THE YOUNGEST winner of BBC Sports Personality of the Year will be celebrated along with other local world-beaters when Provost Skene’s House reopens as a new visitor attraction in autumn 2021.
PSH is being redeveloped by Aberdeen City Council to tell the story of the region’s global impact in the fields of sport, science, entertainment, business and the arts.
The Sporting Champions line-up will include swimmer Ian Black, who in 1958 was voted BBC Sports Personality of the Year ahead of footballer Bobby Charlton and Formula One driver Stirling Moss after winning six medals in two championships that summer.
Fittingly, BBC Sports Personality of the Year will be coming to the Granite City for the first time in its 65-year history on December 15th at P&J Live – and Ian will be in attendance.
Ian was just 17 when he received the coveted silver trophy, an experience he described to the audience as “most unexpected”. As his country’s first winner, he had stepped on stage at the Grosvenor Hotel in London to the strains of “Scotland the Brave”.
Reflecting on his success some 61 years later, Ian said it was particularly gratifying that the public chose the winner, adding: “To be held in the affection of the Scottish people, even for a while, is something to celebrate.”
In 1958 Ian took gold medals in the 400 metres, 1,500 metres freestyle and 200 metres butterfly at the European Championships and another three medals – including gold in the 220-yard butterfly – at the British Empire and Commonwealth Games.
Earning the nicknames “The Human Torpedo” and “The Golden Boy”, Ian – who wore a MacGregor tartan dressing gown poolside – rounded off 1958 being declared Sportsman of the Year by the British Sports Writers’ Association.
Ian said: “You could say that I had a golden patch – six months in which everything happened.”
He was expected to win gold at the Rome Olympics in 1960 but his preparation was compromised by a lack of access to training facilities in Aberdeen, Ian having to brave freezing water at Stonehaven’s outdoor pool and even travelling to Guernsey to use a tidal pool carved out of the coastal rock.
On St Andrew’s Day 2002, Ian was one of the first 50 people inducted into Scottish Sports Hall of Fame.
Ian had displayed precocious talent. Aged just nine, he swam from Kessock to Inverness across the Beauly Firth and at 14 had beaten the Scottish butterfly champion.

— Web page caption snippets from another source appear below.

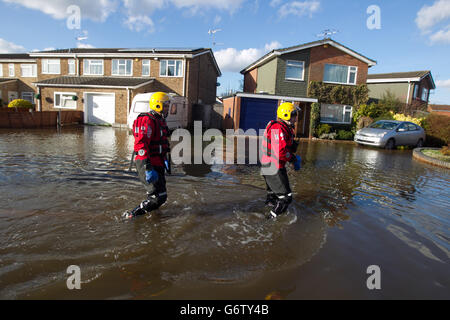 Members of the Surrey Fire and Rescue Service make adjustments to a high volume pump (HVP) to remove water from a housing estate in Staines-upon-Thames. Stock Photo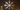 Metal snowflake wall ornament casting shadows on living room wall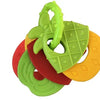 A set of green and orange silicone baby teethers shaped like a pineapple and a slice of citrus fruit.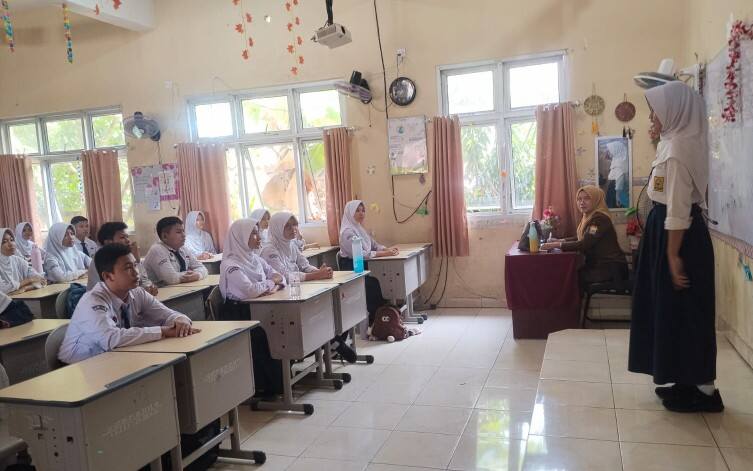 Wali Kelas 9.7 SMP Negeri 19 Palembang, Ruly Agustina, S.Pd., M.M., memberikan pengarahan kepada peserta didik pada hari pertama masuk sekolah Tahun Pelajaran 2026/2027.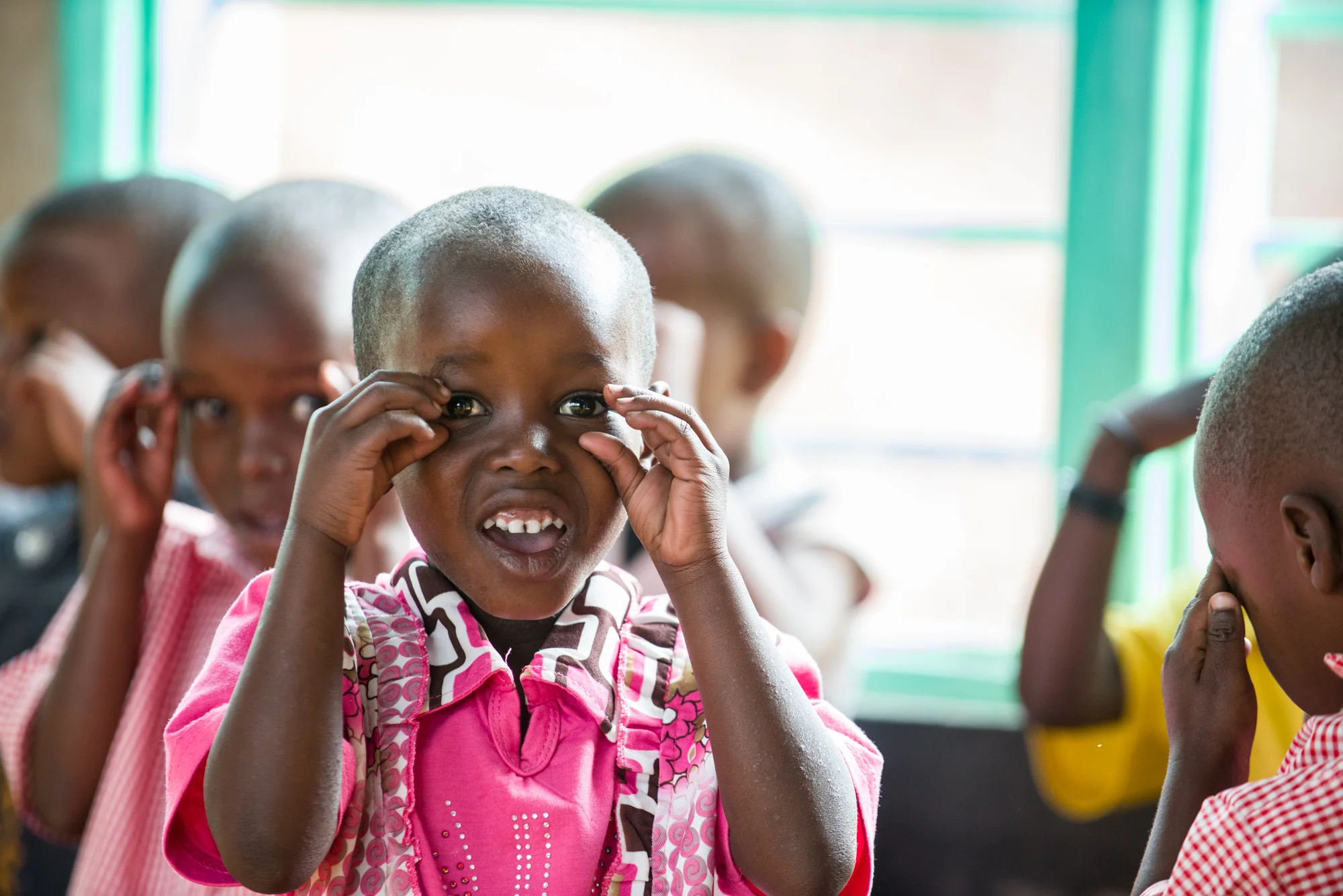 Marceline Karabo, age 4, sings a song with her pre-primary classmates and Kanyinya School in Rwanda.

His swimming career started in earnest under coach Andy Robb when he started attending Robert Gordon’s College (RGC) in Aberdeen.
After graduating from the University of Aberdeen, Ian followed a career in education and after various headships at home and abroad he returned to the city as Headmaster of RGC Junior School in 1990.
While running a swim class for beginners he spotted a young pupil with “talent to beat the world” – a certain David Carry, who would go on to win two golds at the Commonwealth Games in 2006.
David will also feature in the Sporting Champions section of Provost Skene’s House alongside fellow swimmer Hannah Miley; rower Dame Katherine Grainger; footballing legends Denis Law, Sir Alex Ferguson and Willie Miller; cyclist Neil Fachie; canoeist Timothy Baillie; golfer Paul Lawrie; and strongman Donald Dinnie.
The £3.8 million renovation and redevelopment of Provost Skene’s House is being carried out as part of the City Centre Masterplan.